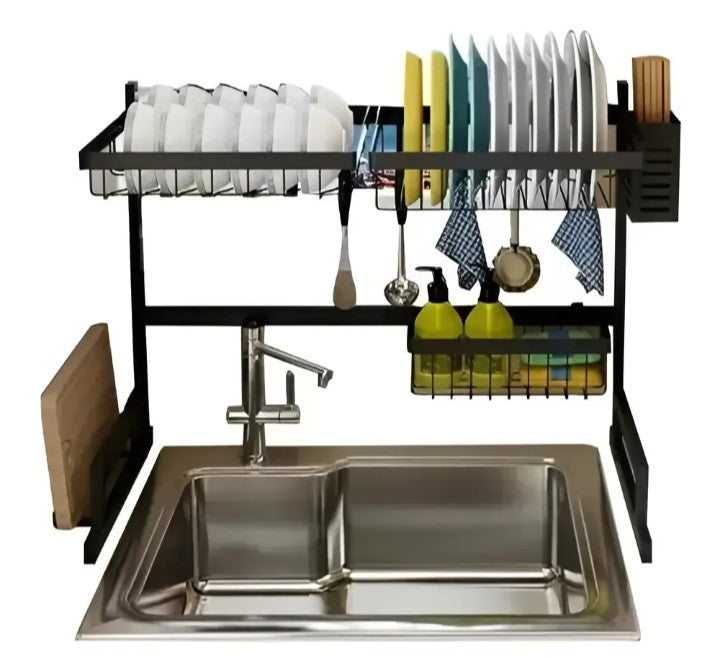 Escurridor de platos flotante para fregadero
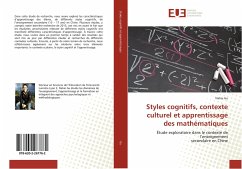 Styles cognitifs, contexte culturel et apprentissage des mathématiques - Gu, Nahai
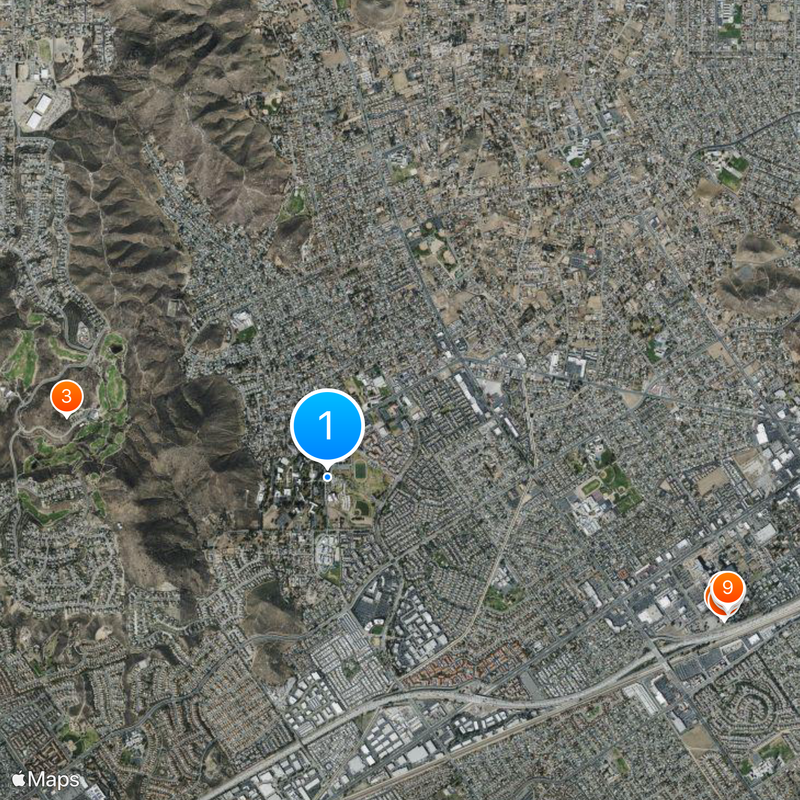 La Sierra University Map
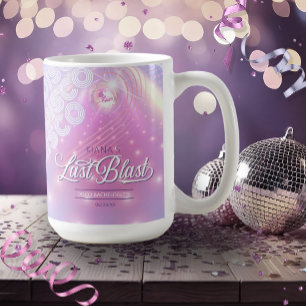 Retro Sista Blixten Disco Sängkammare v2 ID928 Kaffemugg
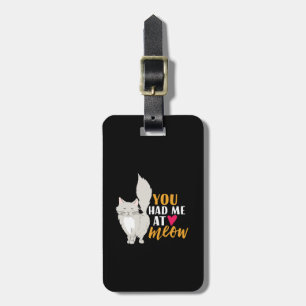 Étiquette À Bagage Drôle Chat et Kitten Aimez-vous à Meow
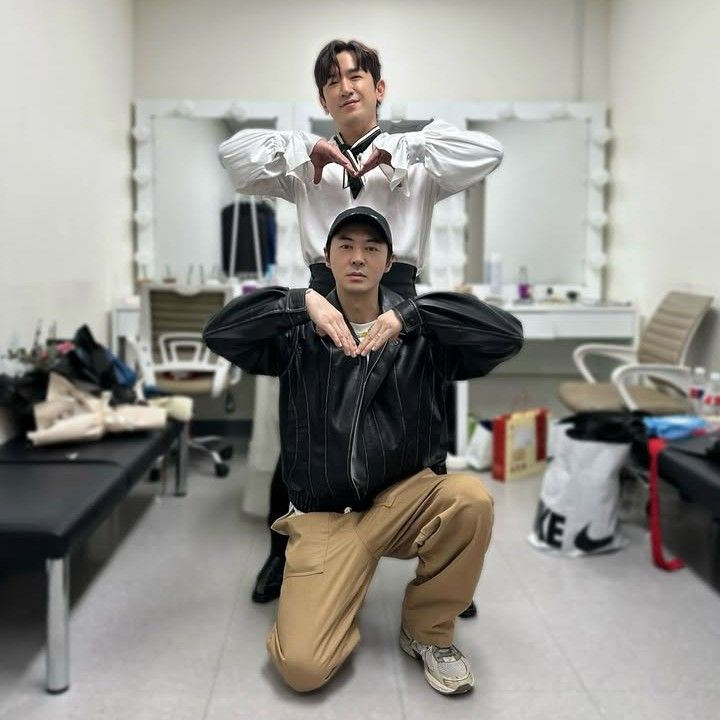 Recent activity shot of Lee Minwoo (SHINHWA)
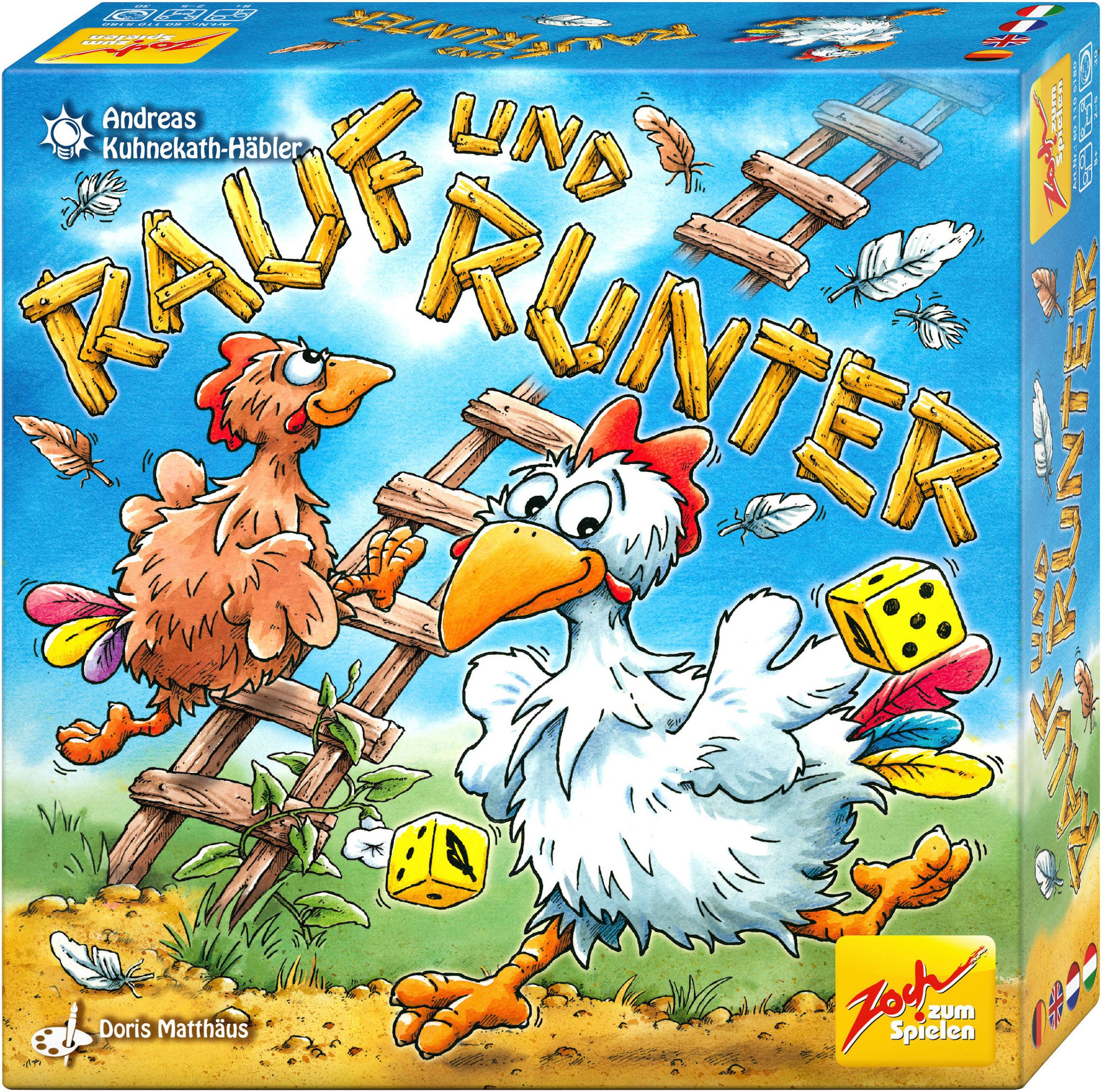 Zoch Spiel Rauf und runter, Familienspiel, Made in Germany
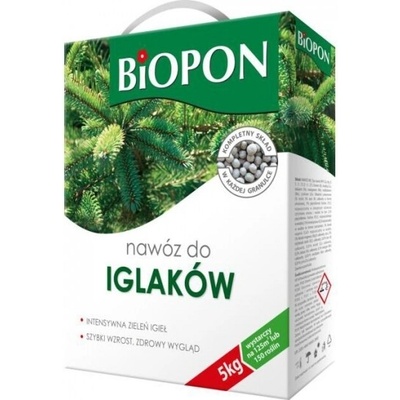 BIOPON HNOJIVO NA JEHLIČNANY GRANULE 5 kg
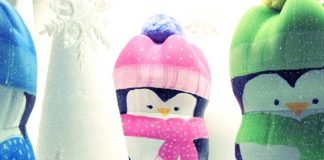 Tái chế vỏ chai nhựa thành bé cánh cụt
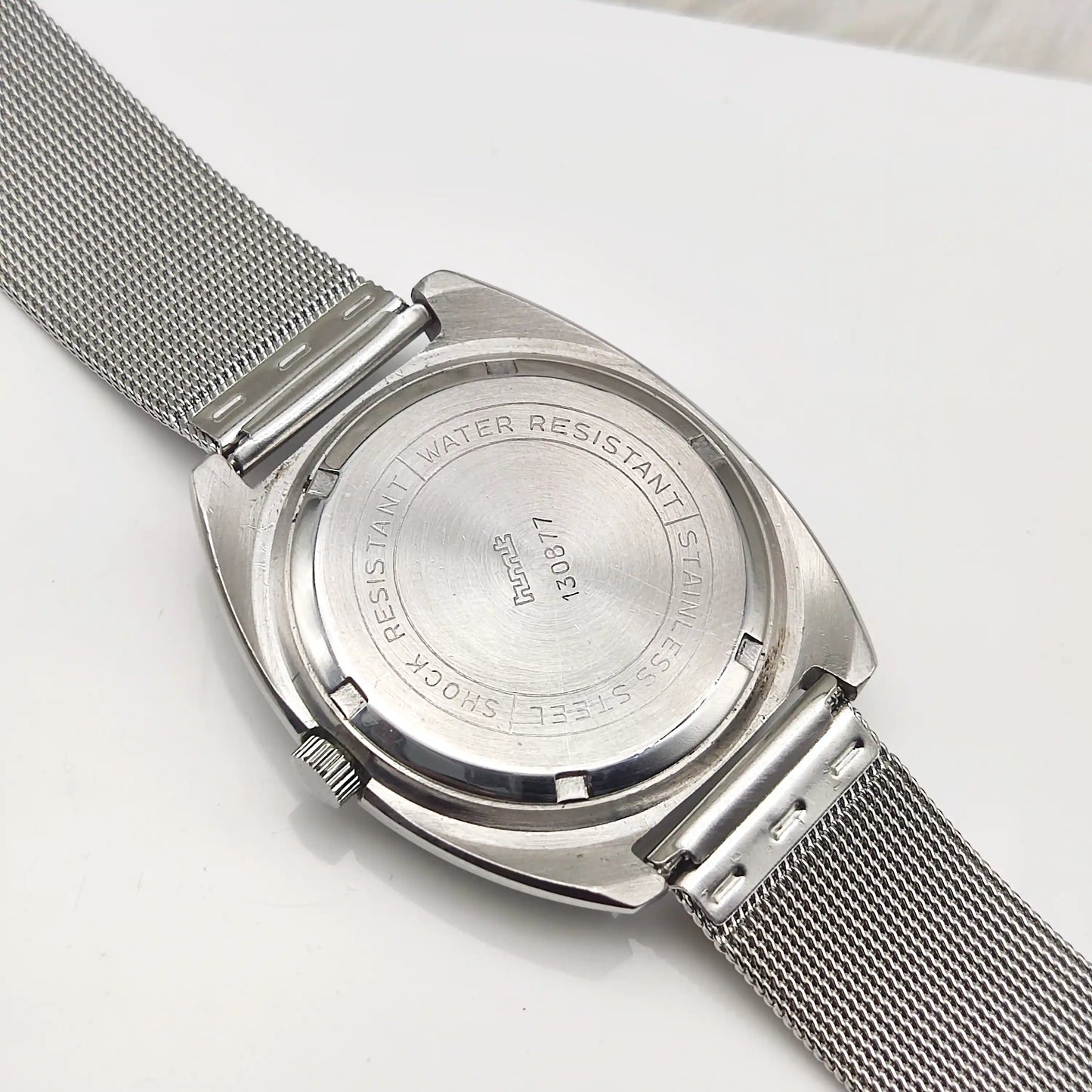 HMT Himalaya Handwinding Gray Dial With Stick Indices Men's Watch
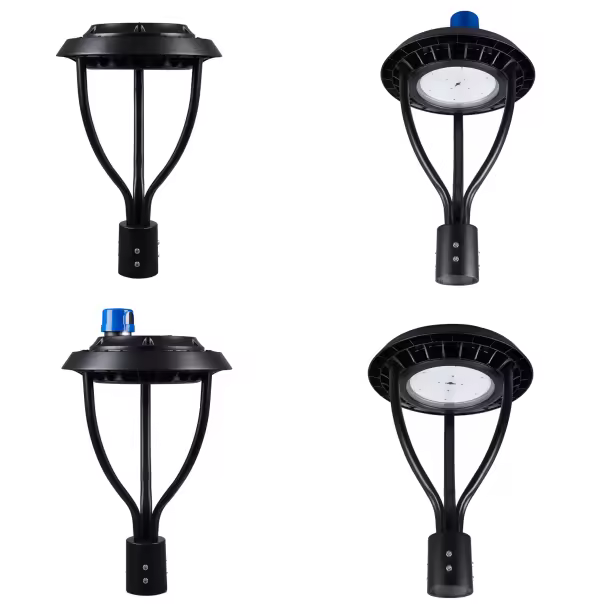 High Quality 50w Led Smart Outdoor Post Top Light Ip65 Rating Reliable 3cct Illumination For Garden Yard Street Light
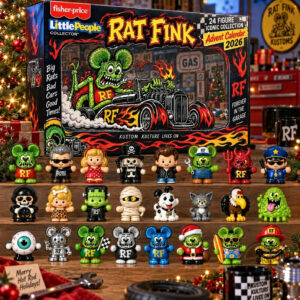 Little People Collector Rat Fink 2026 Advent Calendar 24 Day Christmas Countdown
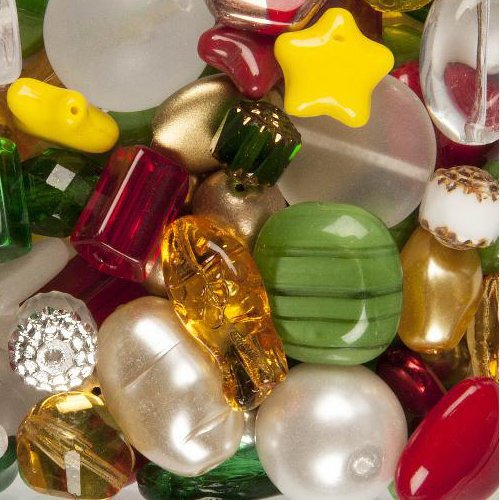 Czech Glass Bead Mixes Christmas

PROBLEM STATEMENT ->
Reproduce exactly and only the lines from the one with "High Quality 50w" through the final line of the records above, inclusive. Pictures must be left out.

RESPONSE ->
 High Quality 50w Led Smart Outdoor Post Top Light Ip65 Rating Reliable 3cct Illumination For Garden Yard Street Light
 Little People Collector Rat Fink 2026 Advent Calendar 24 Day Christmas Countdown
 Czech Glass Bead Mixes Christmas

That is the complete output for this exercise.